Description
Details:
“How the Light Gets In” is an original oil painting on a 16×20 inch canvas that is 1.5 inch deep. I have painted the sides, and the painting comes ready to hang in a wood floater frame with a gold finish. I ship every painting out of Pass Christian, MS. Please note: This painting is day 24 of my 2024 31 in 31 yearly practice. It will be available to ship out or for pick up on February 26th, 2024, after the run of the 31 in 31 gallery show.
Inspiration:
Today’s painting is a bit of a shift. A couple weeks ago my family was invited to one of our most dedicated and long-time 31 in 31 participant’s new home on a huge, sprawling span of land complete with a large pond and a perfectly placed red canoe right at the water’s edge. When my husband and son immediately climbed in, I couldn’t help but start to rewrite in my head the famous William Carlos Williams poem:
so much depends
upon
a red wheel
barrow
glazed with rain
water
beside the white
Chickens
In my mind it was more like
So much depends
upon
a bright red
Canoe
Glazed with mud water
Below the white
Sky
Anyway, I tried to use my people in the red canoe as inspiration for one of my daily paintings but, well, it was, to borrow from the kids these days, exceptionally “mid.”

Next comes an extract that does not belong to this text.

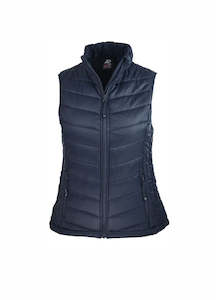 Womens Vests: Pro Puffer Women's Vest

But it got me thinking about families, ours in particular, and how the word blended so often gets paired with the word broken. What if we might look at families in light of those Japanese bowls– Kintsugi – where they repair broken pottery by mending it with gold, silver, or platinum as a way of treating “breakage and repair as part of the history of an object, rather than something to disguise.”
Expert Christy Bartlett explains, “Not only is there no attempt to hide the damage, but the repair is literally illuminated.” Most agree that this process makes the art more beautiful, more compelling.
A dear friend of mine who is not particularly religious started wearing a medal of a saint around her neck to inspire her towards a particular calling she feels in her bones. And I wondered, who is the patron saint of stepparents because maybe I could use a little of that kind of inspiration.
So I painted St. Joseph, who I know so little about perhaps because so little is known about him. This painting came swiftly, nearly painted itself, as though the honoring of what the world calls broken was moving my hands.
I wasn’t thinking about the Japanese bowls until just this moment when I sat down to write, but I think it fascinating that the background of my painting has “cracks” in it where the layer of color from the previous layer can shine through.
As Leonard Cohen taught me, and I say to myself at least once a day, “There is a crack in everything. That’s how the light gets in.”
You might notice some red on Joseph’s beard and you’d be correct if you guessed that was because I wanted to put some of my husband into the image since his role as my son’s stepfather inspired the whole thing. Perhaps I did paint a little of the red canoe after all.